My first rats had no idea what a wheel was and wouldn't touch it. I decided not to give up and left it in their cage. I put treats in the wheel and they mostly pooped in it, or my one girl loved to tear up everything and stuff it in the wheel. But eventually they discoverd "oh u can run on this" and then they loved it.

I think it is easier to introduce them when they are younger. But I think any rat can enjoy it.

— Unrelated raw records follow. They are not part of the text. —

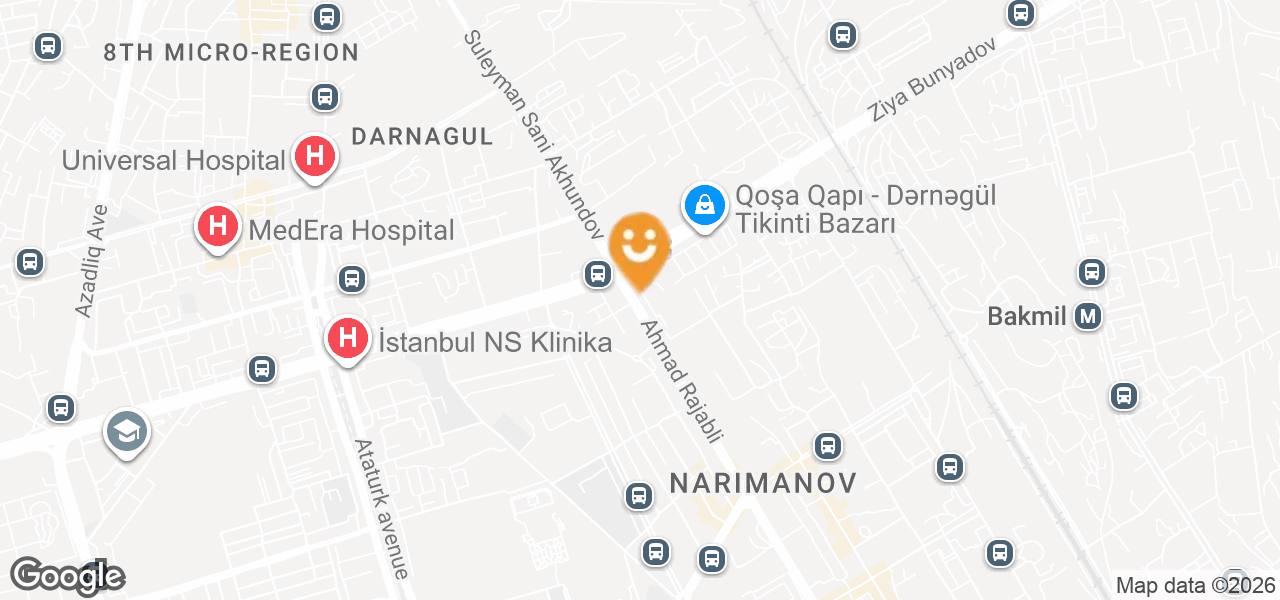 As Insaat tikinti materiallari magazasi (Baku)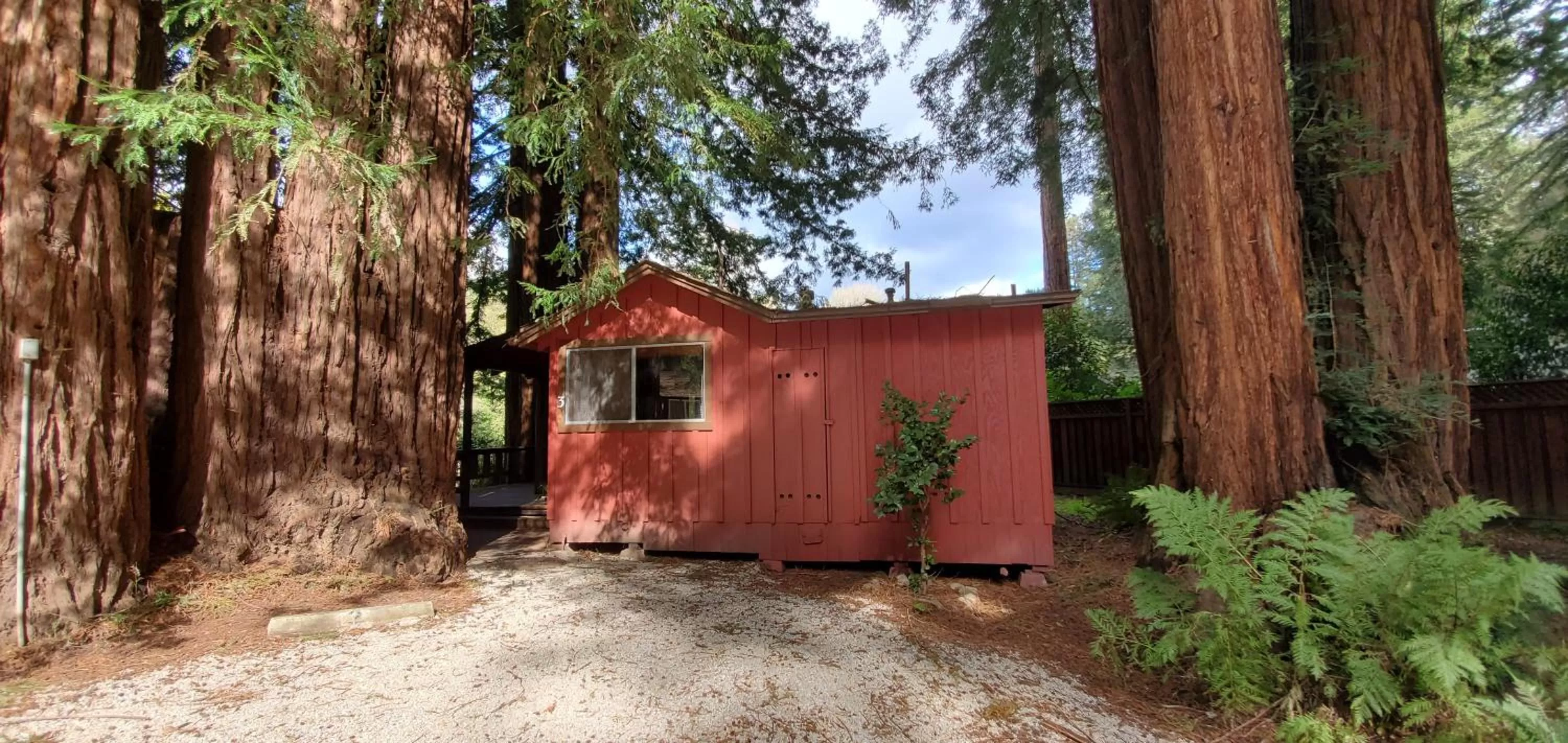 Property Building in Fern River Resort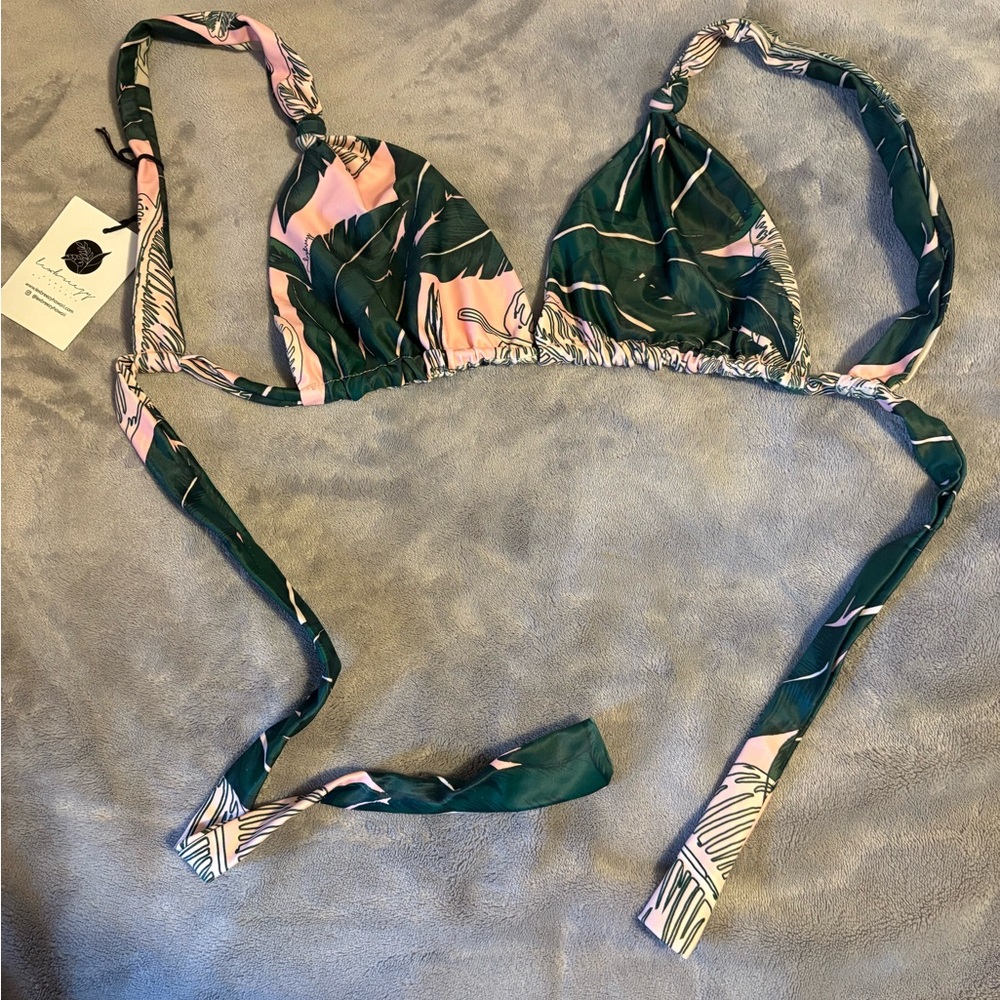Lexbreezy Bikini Top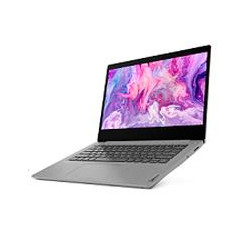 LENOVO IDEAPAD 3 14IML05 CORE I3 10110U 21GHZ 8GB4GB4GB DDR4 2667 1TB 140 HD WIFI BT COLOR PLATA WIN 10 HOME 1 YR EN CS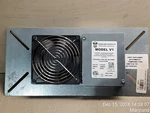 Tjernlund Model V1 Crawl Space Ventilator 110 Cfm. Fixed Price $89.00.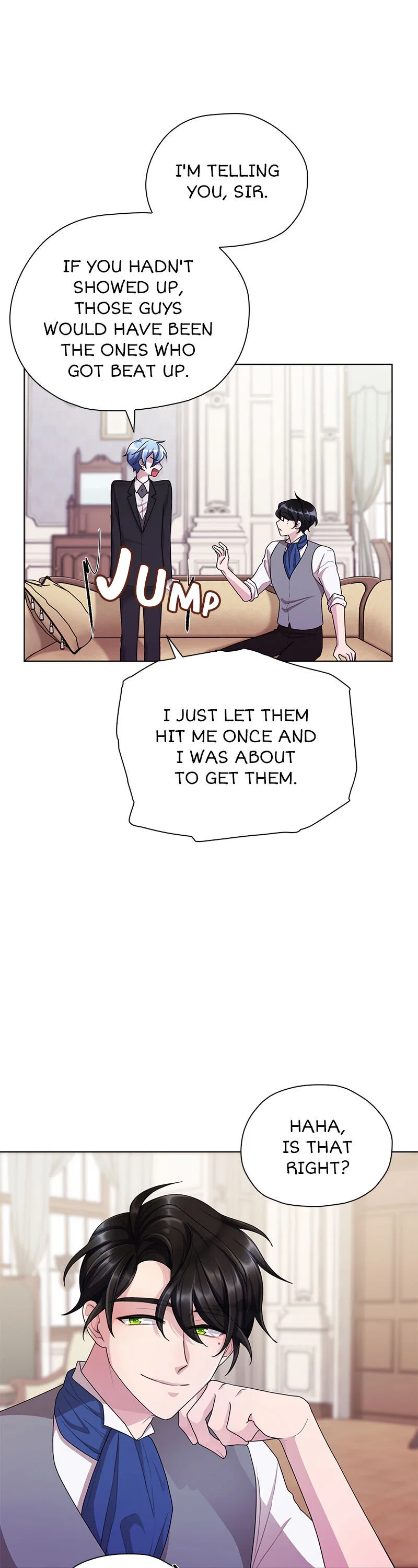 The Daughter of the Elemental King Chapter 11 – Page 30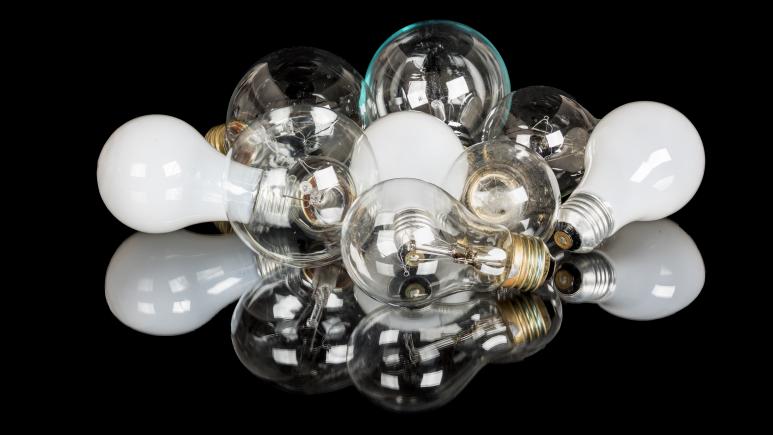 light bulbs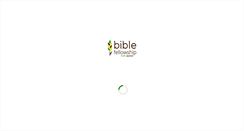 Desktop Screenshot of biblefellowship.com
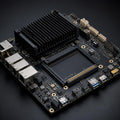 AI Carrier Board — OZMEC flight hardware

Cages with lots of vertical climbing space is ideal for sure. Rats love to climb. For example, I have one nice tall cage for my girls and it came with 3 shelves, I only use one shelf though. The rest of the cage is hammocks and boxes/baskets ziptied to the sides of the cage. They climb up and down and all over it lol i don't think any cage is really large enough to run around, I give mine free range playtime for that.


----------



## kksrats (Jul 25, 2014)

I've found that my girls are the only ones that use the wheels. Even when introduced to the wheel at an early age and even if they do show some interest, my boys would never continue using them past maybe 3 months old. I agree that you need lots of vertical space. I currently have a DFN with the middle grate completely removed and replaced by a much small shelf and my rats love it; I don't think there's an inch of that cage that goes unused lol.


----------



## Enchilada (May 29, 2014)

My three older boys never learned to use the wheel, but training my new rat he learned exceptionally well, and he loves it! He runs on it without any treats now, the only thing is the noise the squeaky wheel makes at night, so I have him in my spare bedroom when he randomly decides to begin playing on it.


----------



## FallDeere (Sep 29, 2011)

I've had males and females use wheels. I have four females currently and I'd say all of them use the wheel somewhat, but one uses it ALL THE TIME lol. She loves it.  I'd say a wheel is worth having because at some point, even if you don't have one now, you will eventually have a rat that will adore wheels. When I had four males, three of them used the wheel. Two of them stopped as they got older, but one kept on using it for as long as I had him.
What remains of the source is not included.